Written December 14, 2007. Tagged Ruby, Hpricot, RSS.
The Dilbert Blog can be entertaining. However, the RSS feed was recently changed from containing the full entries to containing only a snippet, to increase ad revenue (by having people click through to the site).
I like full entries in my feed reader, so I made a feed that has them: dilbert.rss
That's all you need to know if all you wanted was the feed. Read on for technical details.
I'm using Ruby as a CGI script on Dreamhost (referral link).
Most of the heavy lifting is done by Christoffer Sawicki's excellent Feedalizer gem.
I added very simple caching: rather than retrieving and parsing the web site on each hit, the output is written to a text file.

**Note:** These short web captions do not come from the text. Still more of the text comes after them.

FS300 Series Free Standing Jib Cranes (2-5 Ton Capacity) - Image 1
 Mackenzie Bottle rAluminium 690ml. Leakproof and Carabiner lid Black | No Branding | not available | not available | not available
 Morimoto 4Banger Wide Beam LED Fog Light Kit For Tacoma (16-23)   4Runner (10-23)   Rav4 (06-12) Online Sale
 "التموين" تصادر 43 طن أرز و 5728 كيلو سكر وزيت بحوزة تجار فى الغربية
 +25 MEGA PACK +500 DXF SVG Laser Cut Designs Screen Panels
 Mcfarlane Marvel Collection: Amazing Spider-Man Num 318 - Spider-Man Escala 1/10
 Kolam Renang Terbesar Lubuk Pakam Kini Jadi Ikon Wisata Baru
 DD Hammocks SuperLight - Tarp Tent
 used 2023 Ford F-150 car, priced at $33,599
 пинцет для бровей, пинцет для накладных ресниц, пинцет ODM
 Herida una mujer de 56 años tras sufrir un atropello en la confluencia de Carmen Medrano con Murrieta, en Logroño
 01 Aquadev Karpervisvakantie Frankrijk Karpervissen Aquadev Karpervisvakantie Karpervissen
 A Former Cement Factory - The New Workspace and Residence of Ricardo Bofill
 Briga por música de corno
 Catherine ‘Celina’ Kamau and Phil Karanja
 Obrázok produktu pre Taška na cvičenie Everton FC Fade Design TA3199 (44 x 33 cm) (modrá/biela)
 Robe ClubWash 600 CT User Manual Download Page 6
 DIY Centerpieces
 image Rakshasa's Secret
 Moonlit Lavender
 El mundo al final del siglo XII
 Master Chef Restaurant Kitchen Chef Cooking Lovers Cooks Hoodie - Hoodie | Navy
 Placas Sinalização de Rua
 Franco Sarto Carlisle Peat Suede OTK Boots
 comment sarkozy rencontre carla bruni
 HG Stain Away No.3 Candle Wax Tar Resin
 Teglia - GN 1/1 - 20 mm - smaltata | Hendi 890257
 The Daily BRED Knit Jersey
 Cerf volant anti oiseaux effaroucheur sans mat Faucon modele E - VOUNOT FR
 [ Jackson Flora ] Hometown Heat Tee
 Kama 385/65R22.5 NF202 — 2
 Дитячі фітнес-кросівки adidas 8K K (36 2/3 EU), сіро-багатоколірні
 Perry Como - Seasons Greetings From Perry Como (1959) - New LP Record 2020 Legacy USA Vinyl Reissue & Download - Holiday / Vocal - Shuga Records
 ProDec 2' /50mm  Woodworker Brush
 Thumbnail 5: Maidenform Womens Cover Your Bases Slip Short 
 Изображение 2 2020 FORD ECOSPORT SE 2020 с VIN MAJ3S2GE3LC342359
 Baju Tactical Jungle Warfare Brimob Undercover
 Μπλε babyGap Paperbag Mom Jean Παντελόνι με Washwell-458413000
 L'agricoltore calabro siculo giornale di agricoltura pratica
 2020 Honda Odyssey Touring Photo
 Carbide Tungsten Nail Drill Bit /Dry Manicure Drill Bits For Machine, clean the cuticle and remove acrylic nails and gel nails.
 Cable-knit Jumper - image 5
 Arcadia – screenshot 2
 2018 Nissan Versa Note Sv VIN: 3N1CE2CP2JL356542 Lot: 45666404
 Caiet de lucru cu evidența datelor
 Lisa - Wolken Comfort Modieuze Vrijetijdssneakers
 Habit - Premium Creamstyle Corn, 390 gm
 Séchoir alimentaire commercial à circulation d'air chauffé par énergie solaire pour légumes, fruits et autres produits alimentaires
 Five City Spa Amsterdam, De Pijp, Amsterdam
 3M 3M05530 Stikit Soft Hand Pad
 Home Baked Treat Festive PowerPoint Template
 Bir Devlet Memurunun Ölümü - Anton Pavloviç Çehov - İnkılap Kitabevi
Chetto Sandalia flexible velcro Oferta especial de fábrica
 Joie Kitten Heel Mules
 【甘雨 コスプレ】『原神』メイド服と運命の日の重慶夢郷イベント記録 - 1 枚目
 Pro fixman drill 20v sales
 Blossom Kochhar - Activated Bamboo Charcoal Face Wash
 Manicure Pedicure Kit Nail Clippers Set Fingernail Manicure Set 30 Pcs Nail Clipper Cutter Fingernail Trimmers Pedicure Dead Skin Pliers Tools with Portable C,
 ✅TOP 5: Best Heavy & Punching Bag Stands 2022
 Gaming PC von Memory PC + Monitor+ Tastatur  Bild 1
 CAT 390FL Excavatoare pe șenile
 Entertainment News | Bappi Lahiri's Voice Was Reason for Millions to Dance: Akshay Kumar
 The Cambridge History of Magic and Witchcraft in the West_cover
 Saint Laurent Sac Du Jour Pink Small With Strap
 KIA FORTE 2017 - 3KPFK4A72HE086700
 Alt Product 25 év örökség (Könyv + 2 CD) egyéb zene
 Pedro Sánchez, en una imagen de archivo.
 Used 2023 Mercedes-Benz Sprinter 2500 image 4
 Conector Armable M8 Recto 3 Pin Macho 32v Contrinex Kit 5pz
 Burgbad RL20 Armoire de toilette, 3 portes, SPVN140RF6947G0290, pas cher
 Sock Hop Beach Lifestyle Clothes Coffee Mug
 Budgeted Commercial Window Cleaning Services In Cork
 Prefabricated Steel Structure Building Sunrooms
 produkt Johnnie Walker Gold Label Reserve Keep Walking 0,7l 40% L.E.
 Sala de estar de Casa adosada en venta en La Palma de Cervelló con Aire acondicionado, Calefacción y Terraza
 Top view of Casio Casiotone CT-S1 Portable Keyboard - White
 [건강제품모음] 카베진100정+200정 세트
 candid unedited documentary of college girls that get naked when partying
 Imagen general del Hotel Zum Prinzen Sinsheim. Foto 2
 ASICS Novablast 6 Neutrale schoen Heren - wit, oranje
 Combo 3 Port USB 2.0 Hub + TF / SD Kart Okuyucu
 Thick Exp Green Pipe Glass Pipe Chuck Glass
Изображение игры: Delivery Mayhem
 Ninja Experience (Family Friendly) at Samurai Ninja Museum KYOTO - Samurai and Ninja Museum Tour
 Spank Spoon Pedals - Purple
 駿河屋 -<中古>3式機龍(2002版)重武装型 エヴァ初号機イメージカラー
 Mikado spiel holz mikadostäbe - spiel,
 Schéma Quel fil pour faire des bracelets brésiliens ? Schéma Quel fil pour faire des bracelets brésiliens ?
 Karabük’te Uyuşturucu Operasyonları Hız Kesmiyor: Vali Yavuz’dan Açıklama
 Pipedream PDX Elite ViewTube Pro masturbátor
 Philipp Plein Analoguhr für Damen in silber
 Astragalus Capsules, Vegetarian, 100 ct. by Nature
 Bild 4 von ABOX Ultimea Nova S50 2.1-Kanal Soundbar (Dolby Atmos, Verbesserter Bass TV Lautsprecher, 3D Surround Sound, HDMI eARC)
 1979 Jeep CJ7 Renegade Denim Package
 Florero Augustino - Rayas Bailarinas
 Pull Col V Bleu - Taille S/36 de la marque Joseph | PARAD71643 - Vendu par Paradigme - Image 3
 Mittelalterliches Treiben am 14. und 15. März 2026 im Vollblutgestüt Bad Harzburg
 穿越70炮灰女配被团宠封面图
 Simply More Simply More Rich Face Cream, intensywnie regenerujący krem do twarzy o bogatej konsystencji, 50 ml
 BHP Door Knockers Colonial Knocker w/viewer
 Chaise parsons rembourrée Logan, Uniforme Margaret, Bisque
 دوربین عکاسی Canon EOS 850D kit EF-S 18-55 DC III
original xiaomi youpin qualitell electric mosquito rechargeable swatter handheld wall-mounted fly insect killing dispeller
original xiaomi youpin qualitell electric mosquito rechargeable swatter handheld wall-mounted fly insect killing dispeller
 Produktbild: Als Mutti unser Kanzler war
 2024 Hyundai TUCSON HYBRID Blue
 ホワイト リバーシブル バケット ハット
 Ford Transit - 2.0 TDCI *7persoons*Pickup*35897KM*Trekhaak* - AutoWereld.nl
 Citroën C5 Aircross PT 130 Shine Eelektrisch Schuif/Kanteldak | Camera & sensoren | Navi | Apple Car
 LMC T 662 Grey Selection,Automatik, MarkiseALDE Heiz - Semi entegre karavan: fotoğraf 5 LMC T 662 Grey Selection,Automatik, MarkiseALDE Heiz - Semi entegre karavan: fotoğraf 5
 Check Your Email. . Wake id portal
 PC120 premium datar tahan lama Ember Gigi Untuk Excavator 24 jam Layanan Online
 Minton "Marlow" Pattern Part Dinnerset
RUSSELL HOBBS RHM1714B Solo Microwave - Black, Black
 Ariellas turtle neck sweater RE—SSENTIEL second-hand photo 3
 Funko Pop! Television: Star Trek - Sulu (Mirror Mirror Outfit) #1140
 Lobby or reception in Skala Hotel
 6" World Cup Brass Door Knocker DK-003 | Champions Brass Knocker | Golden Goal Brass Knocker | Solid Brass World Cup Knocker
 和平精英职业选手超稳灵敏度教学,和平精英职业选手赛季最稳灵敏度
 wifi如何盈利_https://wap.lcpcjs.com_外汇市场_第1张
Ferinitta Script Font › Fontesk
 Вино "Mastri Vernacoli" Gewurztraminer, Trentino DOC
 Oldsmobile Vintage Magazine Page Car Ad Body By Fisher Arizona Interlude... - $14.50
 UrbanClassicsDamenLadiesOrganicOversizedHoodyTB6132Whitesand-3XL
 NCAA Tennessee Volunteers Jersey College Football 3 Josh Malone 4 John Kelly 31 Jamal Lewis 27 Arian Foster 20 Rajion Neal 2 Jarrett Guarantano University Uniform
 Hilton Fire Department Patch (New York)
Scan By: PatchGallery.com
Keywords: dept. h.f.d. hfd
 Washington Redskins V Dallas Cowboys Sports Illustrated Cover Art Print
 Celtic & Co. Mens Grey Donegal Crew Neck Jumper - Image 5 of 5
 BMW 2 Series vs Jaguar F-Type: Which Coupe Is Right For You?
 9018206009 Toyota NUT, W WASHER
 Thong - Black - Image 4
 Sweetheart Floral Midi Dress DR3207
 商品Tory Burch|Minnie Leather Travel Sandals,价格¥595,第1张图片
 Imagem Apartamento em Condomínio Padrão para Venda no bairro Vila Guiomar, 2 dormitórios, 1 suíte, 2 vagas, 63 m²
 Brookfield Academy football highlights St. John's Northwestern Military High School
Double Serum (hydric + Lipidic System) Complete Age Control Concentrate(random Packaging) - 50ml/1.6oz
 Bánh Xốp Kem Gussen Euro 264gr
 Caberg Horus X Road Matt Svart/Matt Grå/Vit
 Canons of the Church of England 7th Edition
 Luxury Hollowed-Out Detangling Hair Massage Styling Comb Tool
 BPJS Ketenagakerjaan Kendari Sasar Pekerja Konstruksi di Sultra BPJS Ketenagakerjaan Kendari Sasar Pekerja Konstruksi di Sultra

The text file lives for 30 minutes and is then regenerated on the next hit.
This goes in dilbert.cgi
, which should be executable:
#!/usr/bin/env ruby
# This script generates a RSS feed for The Dilbert Blog with full entries,
# as opposed to summaries.
# Enable using gems I've installed, on Dreamhost
# http://nateclark.com/articles/2006/10/20/dreamhost-your-own-packages-and-gems
ENV['GEM_PATH'] = "/usr/lib/ruby/gems/1.8:/home/henrik/.gems"
require "rubygems"
require "feedalizer"
URL = "http://dilbertblog.typepad.com/the_dilbert_blog/"
CACHE_FILE = "dilbert.cache"
CACHE_LIFE = 30 # minutes
def uncached?
!File.exist?(CACHE_FILE) ||
(Time.now - File.mtime(CACHE_FILE))/60 > CACHE_LIFE
end
print "Content-Type: text/xml\n\n"
feedalize(URL) do
feed.title = "The Dilbert Blog: Full Entries"
feed.description = "Dilbert humor, business absurdity, the meaning of life. And full entries."
feed.about = URL
scrape_items("//div.entry") do |rss_item, html_entry|
header = html_entry.at('.entry-header')
rss_item.link = header.at('a').attributes['href']
rss_item.date = Time.parse(html_entry.at('.post-footers').inner_text)
rss_item.title = header.inner_text
rss_item.description = html_entry.at('.entry-body').inner_html
end
File.open(CACHE_FILE, 'w') {|f| f.write output } # cache output
end if uncached?
print File.read(CACHE_FILE)
If you don't like .cgi
in your URLs (I don't), put this in a .htaccess
file in the same directory:
RewriteEngine On
RewriteRule ^(dilbert)\.rss$ $1.cgi [L]